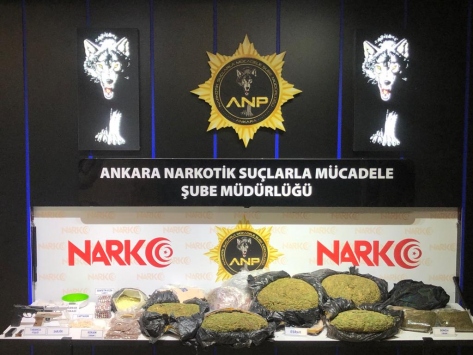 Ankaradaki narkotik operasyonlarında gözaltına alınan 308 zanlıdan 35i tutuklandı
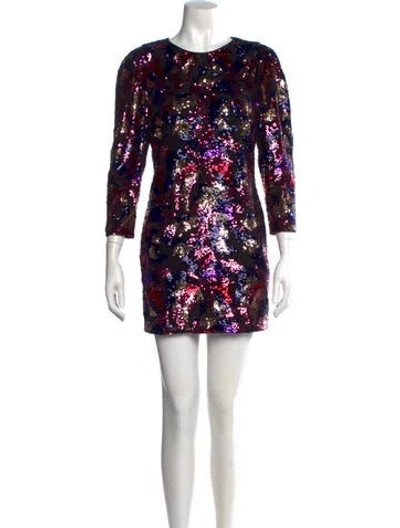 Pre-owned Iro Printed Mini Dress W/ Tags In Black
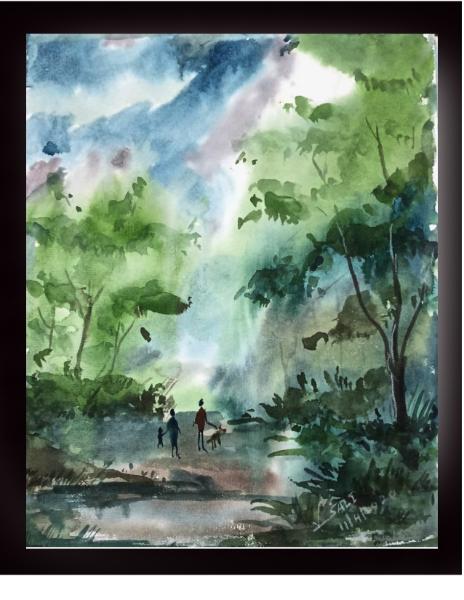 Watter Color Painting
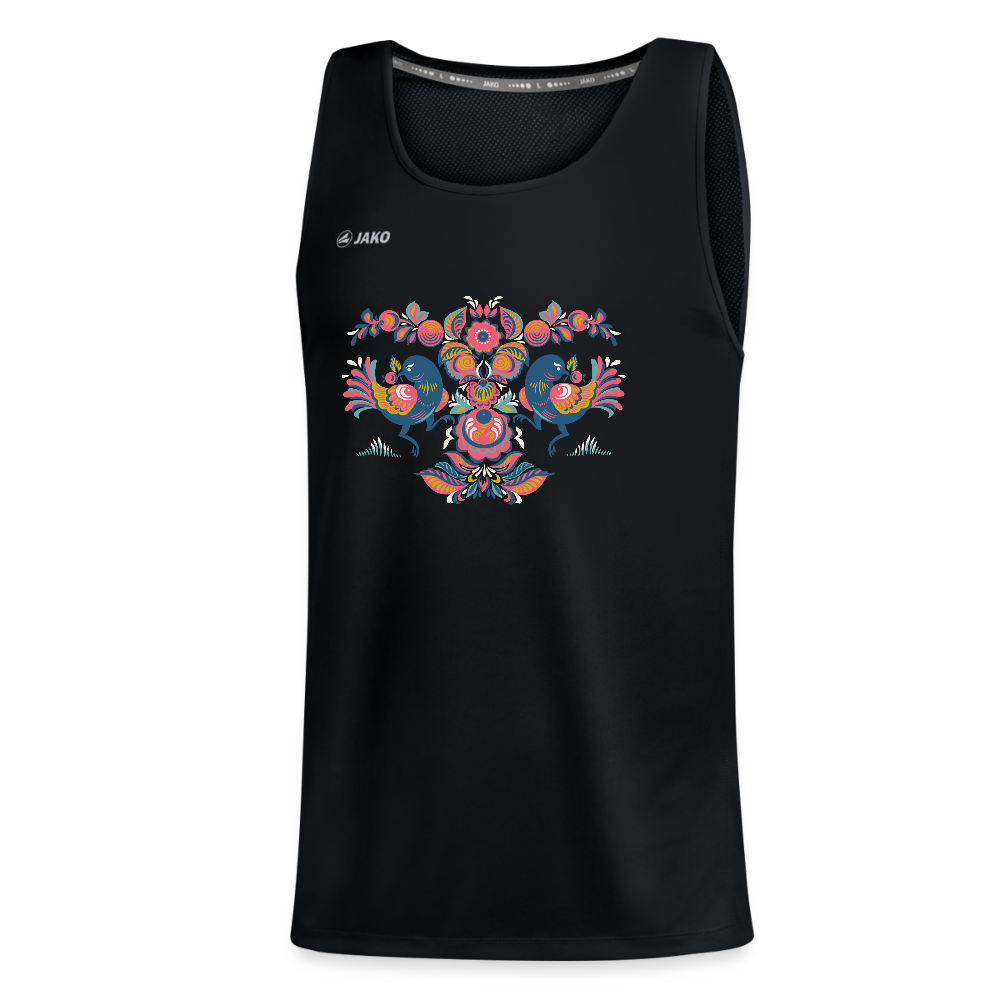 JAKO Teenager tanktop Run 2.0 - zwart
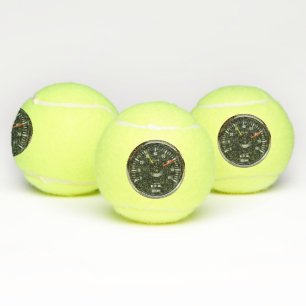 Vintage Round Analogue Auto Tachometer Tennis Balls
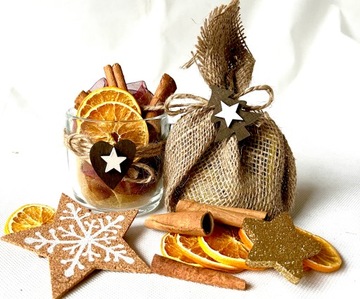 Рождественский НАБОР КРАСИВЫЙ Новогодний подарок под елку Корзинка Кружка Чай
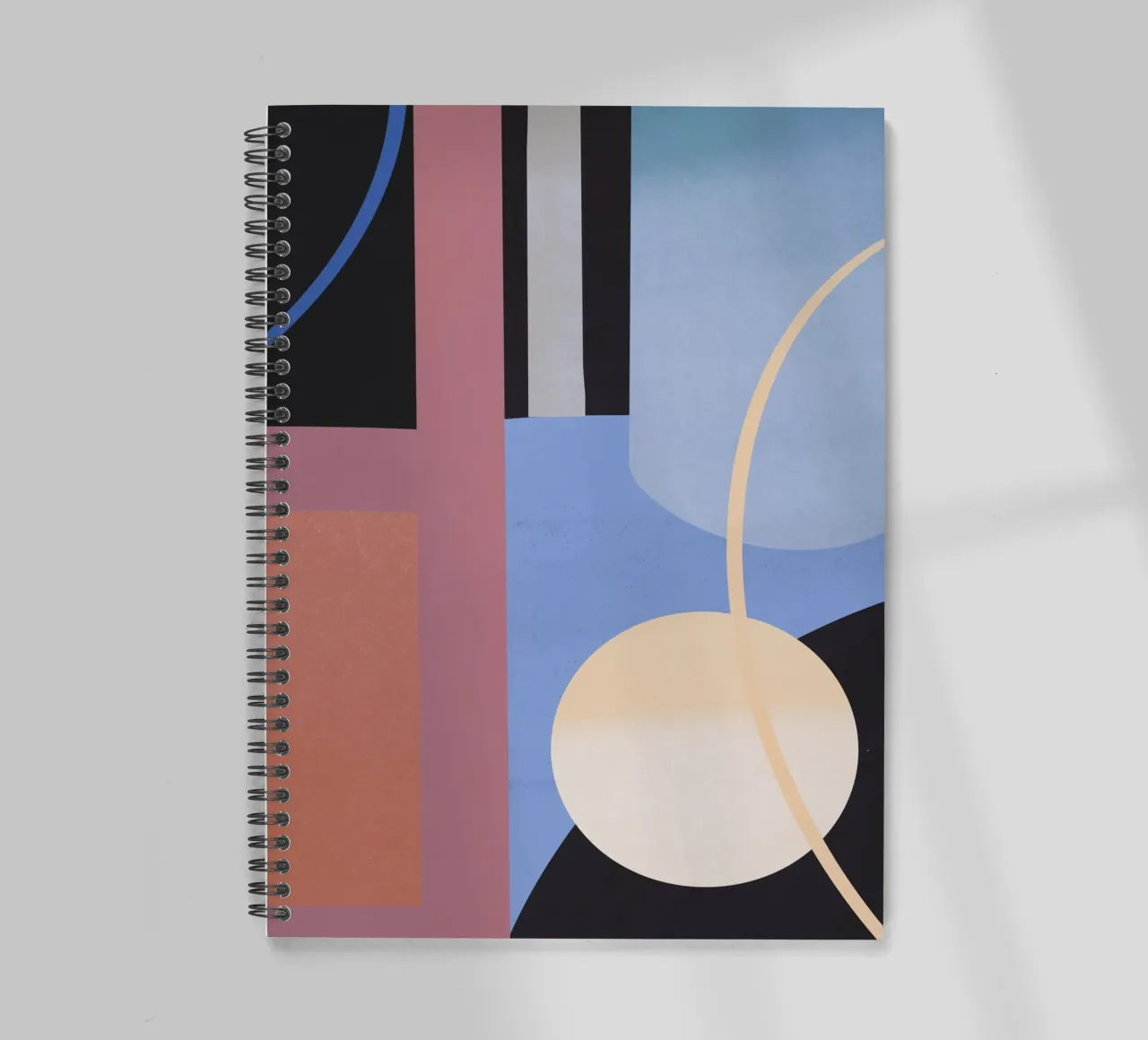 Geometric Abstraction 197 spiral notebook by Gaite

----

● Prompt: Please retype only the lines from the line that holds "JAKO Teenager tanktop Run 2.0 - zwart" through the end of the records, exactly as they stand, and drop every picture.

● Expected answer:
 JAKO Teenager tanktop Run 2.0 - zwart
 Vintage Round Analogue Auto Tachometer Tennis Balls
 Рождественский НАБОР КРАСИВЫЙ Новогодний подарок под елку Корзинка Кружка Чай
 Geometric Abstraction 197 spiral notebook by Gaite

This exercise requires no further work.